Me había negado -que conste en este folio- a decorar la casa. Porque no hay cosa que más me irrite que devolverlo todo a las cajas pasado el día de Reyes. Es la faena más ingrata del calendario, todo se enreda y el caos convierte los buenos propósitos de cinco noches antes en juramentos poco bíblicos. Pero como rey de la contradicción y soltero de oro del edificio que soy, me he dicho: pon Navidad en casa, Max, no vaya a ser que parezca la vivienda más triste del barrio. Qué pena. Cómo se estropean las fantasías… Con lo que yo era de llenar la casa de Navidad.

Algunos años he estado a punto de hacer del salón uno de esos porches norteamericanos de Dyker Heights en los que invocan a la epilepsia con tanta luz. Pero me parecía mucho gasto y no me viene bien automedicarme. Y lo peor: imagina que se te funde la tira de las bombillas de los chinos, conectas mal la del Tiger y las velas hacen su oficio: arder. De pensarlo se me puso carne de reno. Nariz roja incluida, sí.

Resultado: he sacado el nacimiento sencillo, uno que tenemos hecho de fieltro desde 1965 y que con dos ramitas de pino nos queda muy aparente. De niño montaba la ampliación de Barajas en la entrada de casa, mi belén tenía ríos, afluentes, montañas y reyes en camello, reyes arrodillados y otros reyes esperando en el castillo. Era una congregación de monarquías de hombres solos. Luego contrataba muchas lavanderas que parecían clónicas y disponía a los pescadores sin caña a lo largo de toda la plata de Albal arriba, Albal abajo. A veces se volcaban, porque la estabilidad y la falta de espacio en mi casa no era para aquel berenjenal de estructura que ponía en el recibidor. El ascensor paraba fuerte en mi rellano y siempre acababa con mi San José a la bartola junto a la burra. Las viviendas de VPO de mi pueblo eran más prácticas para dejarse de belenes y, con más o menos gusto, bordear los marcos de los cuadros con espumillón, darle dos vuelas a la pantalla de la tele y colgar alguna bola encima de la puerta, lejos de los vecinos de mano larga.

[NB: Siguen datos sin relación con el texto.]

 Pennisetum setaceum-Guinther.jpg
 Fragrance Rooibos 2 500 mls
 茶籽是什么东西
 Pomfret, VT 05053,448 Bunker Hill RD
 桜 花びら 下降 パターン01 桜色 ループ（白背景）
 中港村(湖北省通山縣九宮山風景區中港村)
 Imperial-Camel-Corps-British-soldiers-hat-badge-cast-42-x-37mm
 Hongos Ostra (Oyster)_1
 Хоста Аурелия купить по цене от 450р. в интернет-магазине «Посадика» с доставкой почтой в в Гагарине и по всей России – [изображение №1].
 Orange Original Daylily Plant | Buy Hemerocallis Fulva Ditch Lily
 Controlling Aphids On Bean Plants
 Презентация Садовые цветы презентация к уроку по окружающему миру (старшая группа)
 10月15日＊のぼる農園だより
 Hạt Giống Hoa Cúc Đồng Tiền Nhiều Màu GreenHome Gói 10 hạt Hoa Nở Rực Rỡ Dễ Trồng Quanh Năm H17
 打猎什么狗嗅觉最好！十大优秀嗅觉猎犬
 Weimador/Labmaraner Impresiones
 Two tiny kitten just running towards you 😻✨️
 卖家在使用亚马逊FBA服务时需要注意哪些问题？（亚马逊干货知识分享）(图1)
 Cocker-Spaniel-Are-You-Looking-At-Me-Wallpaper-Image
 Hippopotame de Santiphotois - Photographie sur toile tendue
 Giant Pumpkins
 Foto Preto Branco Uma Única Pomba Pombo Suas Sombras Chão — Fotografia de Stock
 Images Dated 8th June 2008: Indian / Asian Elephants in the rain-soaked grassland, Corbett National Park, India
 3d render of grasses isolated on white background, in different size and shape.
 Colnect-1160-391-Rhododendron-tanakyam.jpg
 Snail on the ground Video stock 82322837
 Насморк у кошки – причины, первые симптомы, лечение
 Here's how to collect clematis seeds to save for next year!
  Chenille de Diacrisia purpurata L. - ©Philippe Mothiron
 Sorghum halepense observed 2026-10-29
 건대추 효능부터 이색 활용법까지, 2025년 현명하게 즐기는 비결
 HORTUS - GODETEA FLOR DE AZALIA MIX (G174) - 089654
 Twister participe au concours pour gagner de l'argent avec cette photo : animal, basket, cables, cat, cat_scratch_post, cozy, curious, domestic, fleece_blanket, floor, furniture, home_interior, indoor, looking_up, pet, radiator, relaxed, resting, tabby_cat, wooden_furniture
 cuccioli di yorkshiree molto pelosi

Ahora ni una cosa ni otra. La gente se compra cosas tan modernas que no parece Navidad. Toda la vida en una tradición de rojos y verdes y ahora aparece beige, morado y gris. Es como si me cambiaran las señales de tráfico y me comiera el STOP porque lo pintan de  color melocotón. Confieso tristemente (el niño que habita en mi me posee mientras escribo esto), que las luces de la calle me parecen de polígono industrial. El tema no es creer o no creer, es que ¡parezca Navidad!